Je me suis progressivement formé au dialogue avec les enfants auprès de spécialistes du Pôle philo du PAC de Wavre. C’est dans ce cadre que j’ai élaboré le ton du format, dont le fondement est l’entretien philosophique. Cela signifie, dans les grandes lignes, qu’on n’interroge pas l’enfant sur ce qu’il sait, ni sur ce qu’il ressent, mais plutôt sur ce qu’il pense, sur ses opinions. Malgré tout, j’absorbe beaucoup, et je suis généralement vidé après un tournage… 

L’étape du montage est ensuite essentielle pour créer un fil rouge ? 

Oui. Je suis souvent inspiré par l’un ou l’autre enfant, qui se démarque par son ton, son humour, et dont la personnalité guide naturellement le propos. J’essaye tant que possible d’éviter les discours trop lisses, de montrer les contradictions, les flottements, de créer de moments suspendus, parfois poétiques. En fait, l’objectif du montage est d’agencer des idées simples mais autrement, pour faire réfléchir tout le monde, petits et grands.   

Quels retours recevez-vous ? 

On me dit en général que c’est un espace d’expression trop rare en télévision. Parfois, des parents ou des enseignants me disent qu’ils ont découvert leur élève ou leur enfant sous un angle qu’ils ne connaissaient pas. Ce qui est un beau cadeau… Mais le plus agréable, c’est quand un enfant me remercie car il ne se pensait pas capable de « parler aussi bien ».  

Votre travail pour « Les enfants nous parlent » modifie-t-il la manière dont vous pratiquez votre métier de journaliste au quotidien ? 

Oui, sur l’aspect pédagogique : « être compris, sans être simpliste », c’est un leitmotiv exacerbé par mon expérience avec les enfants. Et puis, je me rends compte des biais implicites de la profession : si les journalistes adoptent un ton anxiogène, c’est en gros pour se donner de l’importance ! Pour montrer qu’ils manient des sujets graves complexes… Je me bats contre ces mécaniques inconscientes car, mises bout à bout, elles affectent aussi les enfants, plus qu’on ne le croit…  

Que retiennent les enfants de cette expérience ? 

D’abord un souvenir marquant sur le plan personnel. Le premier passage en télévision, à cet âge-là, c’est un défi qui amène beaucoup de confiance et de fierté. Et puis, les enfants sont fascinés par la comparaison entre leur vécu du tournage et le programme diffusé. Cela permet de comprendre en filigrane comment est construit le discours télévisuel. Sur ce point, il est d’ailleurs fondamental que l’expérience soit bien accompagnée par les enseignants. Je constate avec plaisir que c’est souvent le cas : les écoles sont demandeuses de ce genre « d’atelier pratique » car les opportunités sont trop rares… L’expérience donne donc lieu à beaucoup de débats, avant et après le tournage, avant et après la diffusion. 

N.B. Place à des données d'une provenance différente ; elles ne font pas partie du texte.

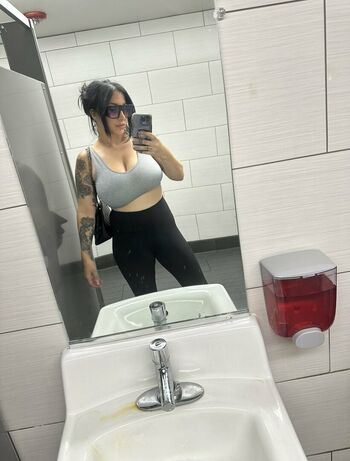 nadianaughty1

Le format est resté relativement stable depuis sa création. Comment le voyez-vous évoluer ? 

J’ai deux envies. La première, ce serait de retrouver certains participants des débuts. Ils approchent aujourd’hui de la vingtaine et je voudrais organiser une rétrospective : vous étudiez quoi ? vous pensez toujours ça ? quelles sont vos aspirations ?… Ma seconde envie serait de décliner le format dans les maisons de repos. « Les seniors vous parlent » en quelque-sorte… Encore un public oublié de la représentation médiatique ! Pourtant, comme celle les enfants, leur parole est d’or quand on prend le temps de l’écouter et de la mettre en valeur. On pourrait d’ailleurs croiser les deux approches pour faire un format intergénérationnel qui mise sur la transmission.